Changelog#

Version 0.8.2#

  • Add more type hints to CleverCSV

  • Move the import of the optional tabview dependency to where it’s needed (for #101)

  • Allow inspecting more rows for header detection (fixes #98)

Version 0.8.1#

  • Add type hints to CleverCSV

  • Disable 32-bit builds on Windows and Linux

  • Bump minimal Python version to 3.8

  • Minor documentation improvements

Version 0.8.0#

  • Improve median runtime by ~68% (~52% on average) by: 1) more caching, 2) implementing a heavy function in C.

  • Redesign computation of consistency measure to a class: ConsistencyDetector.

  • Fix potential memory leak in C code for base abstraction

  • Fixes to escape sequences in regexes (thanks to @JakobGM!)

  • Various improvements to code quality

  • Switch documentation style to furo.

Version 0.7.7#

  • Use r-prefix for regex patterns (thanks to @JakobGM!)

  • Fix documentation typo (thanks to @Aritra8438!)

Version 0.7.6#

  • Simplify faust-cchardet import for Windows builds

Version 0.7.5#

  • Add support for Python 3.11 by fixing a bug regarding empty strings in dialects (thanks to @stefanor!)

  • Fix installation error due to change in internals at setuptools (thanks to @mweinelt!)

  • Migrate to faust-cchardet as cChardet fails to install on Python 3.11 (on Windows, currently only chardet will work for Python 3.11)

  • Migrate to packaging for version comparison

Version 0.7.4#

  • Add wrapper for writing a list of dictionaries (write_dicts)

  • Fix bug when writing CSVs using the csv module dialects

  • Add the builtin dialects to CleverCSV (e.g., clevercsv.excel)

Version 0.7.3#

  • Release to build wheels for Python 3.10

Version 0.7.2#

  • Re-implement command line interface using Wilderness

  • Add man-pages to package

Version 0.7.1#

  • Remove deprecated wrapper functions

  • Expand URL regex to support localhost:<port> urls

  • Minor changes to the TypeDetector API

  • Add cChardet as optional dependency (fixes #48)

Version 0.7.0#

  • Add a JSON object data type to address a specific failure case (#37).

  • Add support for timezones for time data type

  • Add support for building wheels on non-native architectures (#39).

  • Add a flag to disable skipping type detection using the command line interface.

Version 0.6.8#

  • Add a “bytearray” type to address a specific failure case (#35).

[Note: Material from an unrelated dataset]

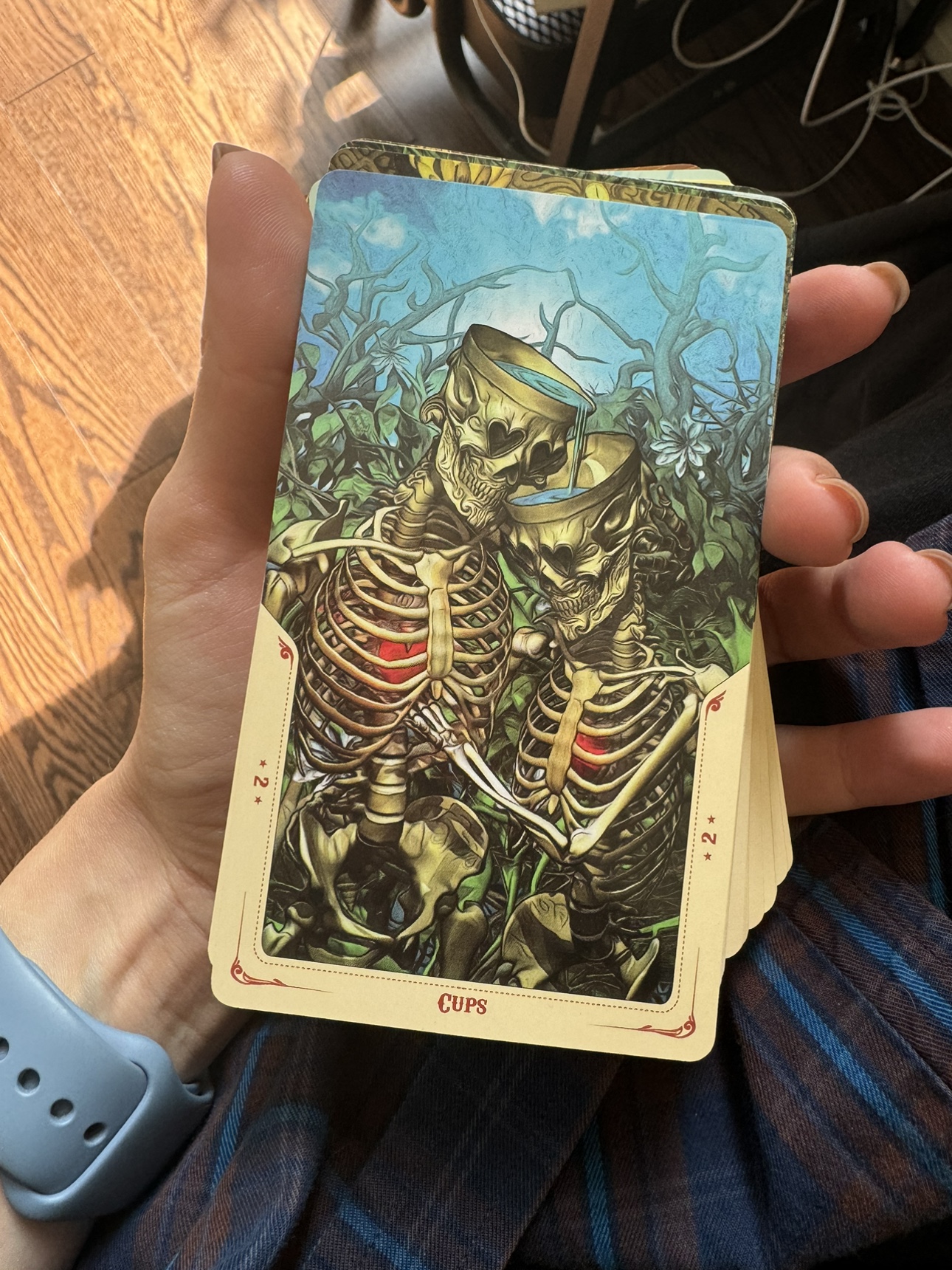 Santa Muerte Tarot Deck - photo 3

  • Minor clarifications to licensing.

Version 0.6.7#

  • Updates to release process. This version introduces pre-compiled wheels for Python 3.9.

Version 0.6.6#

  • Add an encoding argument to write_table to allow specifying the output encoding. Thanks to @mitchgrogg for reporting issue #27.

Version 0.6.5#

  • Add support for standardizing in-place and standardizing multiple files.

  • Add warning on duplicate field names in DictReader

  • Add return value to writers to match the standard library.

Version 0.6.4#

  • Various speed ups to constructing the list of potential dialects. This removes a costly step of the detection process that will likely add a few more potential dialects, but has the end result of making overall dialect detection faster.

Version 0.6.3#

  • Rename wrapper functions to a more coherent naming scheme. Old names will be available until 0.7.0, but now produce a FutureWarning.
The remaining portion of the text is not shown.